I learned the intro part on piano over a year ago. I'm still fascinated with this score in general. I know it may seem easy for some of you to pick this stuff out by ear, but I'd really like to have the whole thing as a reference, especially the choral part starting at 4:54. I can hear it all at first, but once the bass gets moving a bit, I get lost. I see a few versions online, but they are for "concert band", as well as some for "orchestra", but I see no mention of the choir or vocal parts. Perhaps they are just arranged for different instruments, but I can't tell from the small preview. If anyone can point me to the best version, I'd really appreciate it.
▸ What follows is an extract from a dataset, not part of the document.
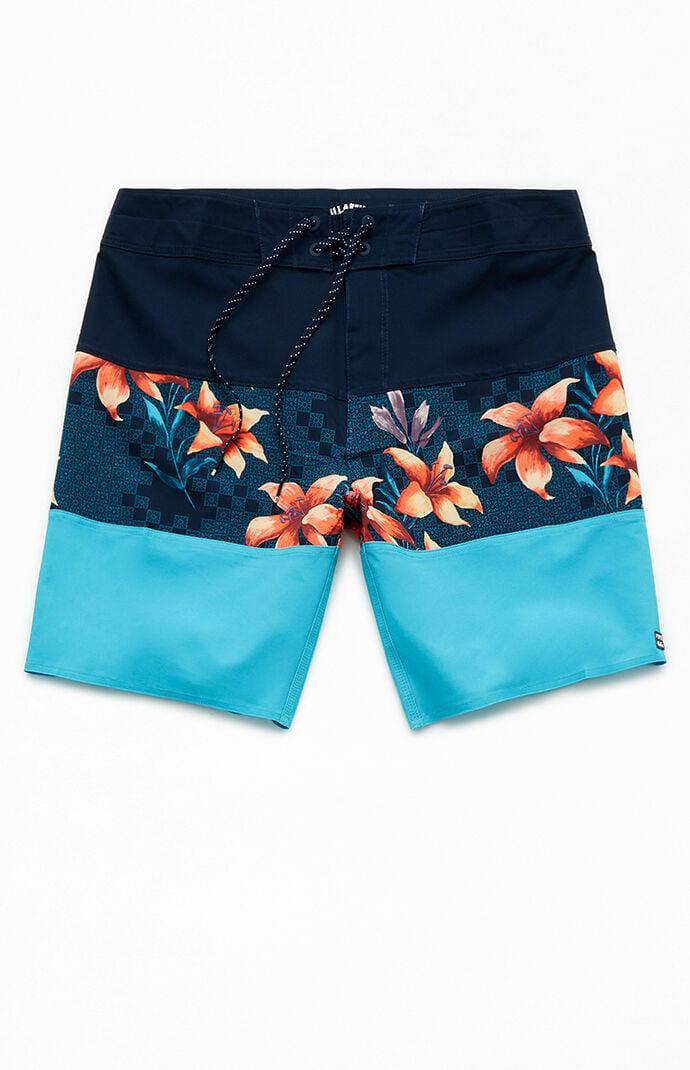 Billabong Tribong Pro 18 Boardshorts (Coastal 2) Men's Swimwear Product Image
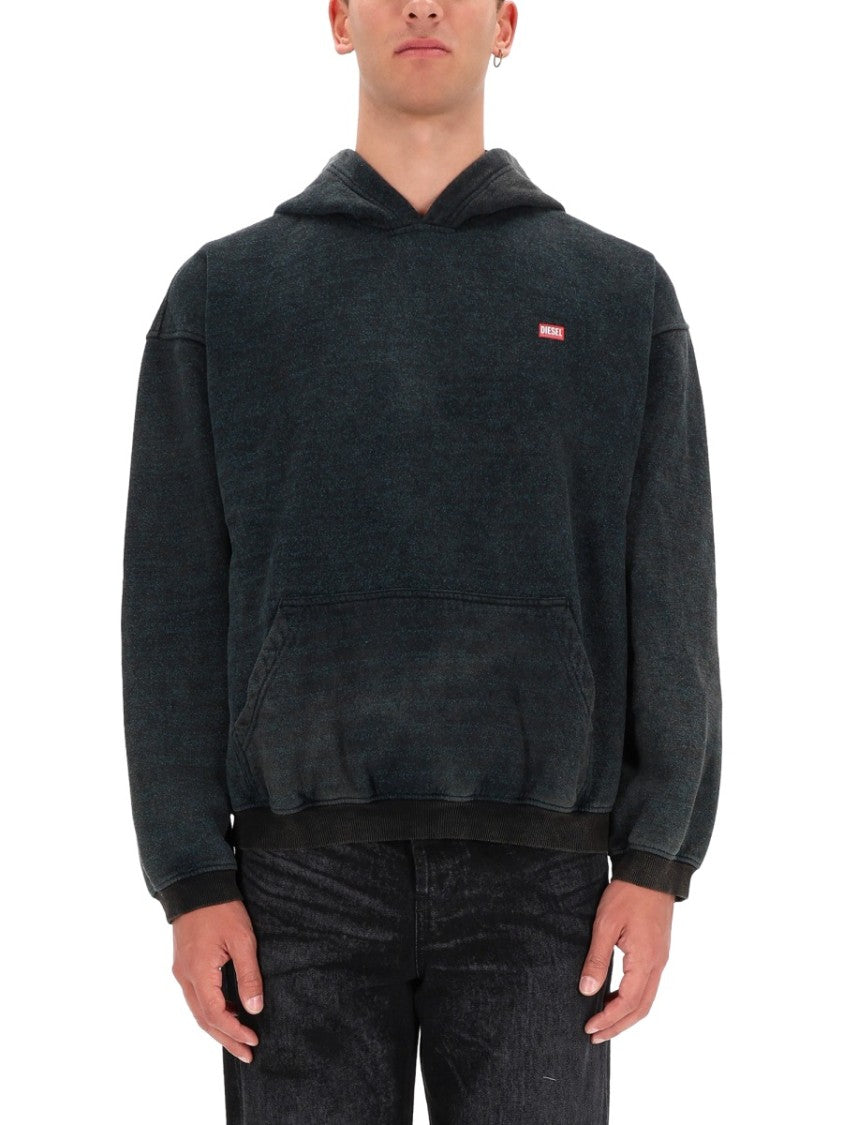 Diesel Washed Black S-Kai Hoodie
Thanks!


----------



## Gil (May 26, 2022)

Hello,
I don't have the score with choir but perhaps live versions in Hollywood in Vienna 2011 and 2019 can help you transcribing the choir more than the original recording?
Regards,
Gil.


----------



## Karma (May 26, 2022)

I always really wanted this myself too, unfortunately I don't think there's much out there!


----------



## chrissiddall (May 26, 2022)

I might be able to help out here. Will check my PC when I get home.


----------



## chrissiddall (May 27, 2022)

Unfortunately the handful of manuscript cues which I have from FG don't include that cue. This particular YouTube video has terrible audio quality, you should seek out the track from the score OST that relates to this section of the suite that's been cut together in this video as you'll undoubtedly find it's much better, and might help your transcription effort.


----------



## chrissiddall (May 28, 2022)

Good news @Studio E 

@Gil reminded me that this also appears in the End Credits, which I do have. Here's the choir part:


----------



## Studio E (May 28, 2022)

chrissiddall said:


> Good news @Studio E
> 
> @Gil reminded me that this also appears in the End Credits, which I do have. Here's the choir part:


Hey, not that I'm not super thankful, but we really shouldn't be posting copyrighted music, unless this is in the public domain somehow, which I seriously doubt. At least now, aside from obviously having a great outline for it, I see who the publisher is, thank you so much!


----------



## chrissiddall (May 28, 2022)

Studio E said:


> Hey, not that I'm not super thankful, but we really shouldn't be posting copyrighted music, unless this is in the public domain somehow, which I seriously doubt. At least now, aside from obviously having a great outline for it, I see who the publisher is, thank you so much!


It's not in the public domain, but I do have a publishing license for it. Since this is just a snippet, I think you're all good. You'll have to part with cash for the full score when I release it though!

(PS - the above sheet is not from any other published edition, it is one that I made for the purpose of posting here)


----------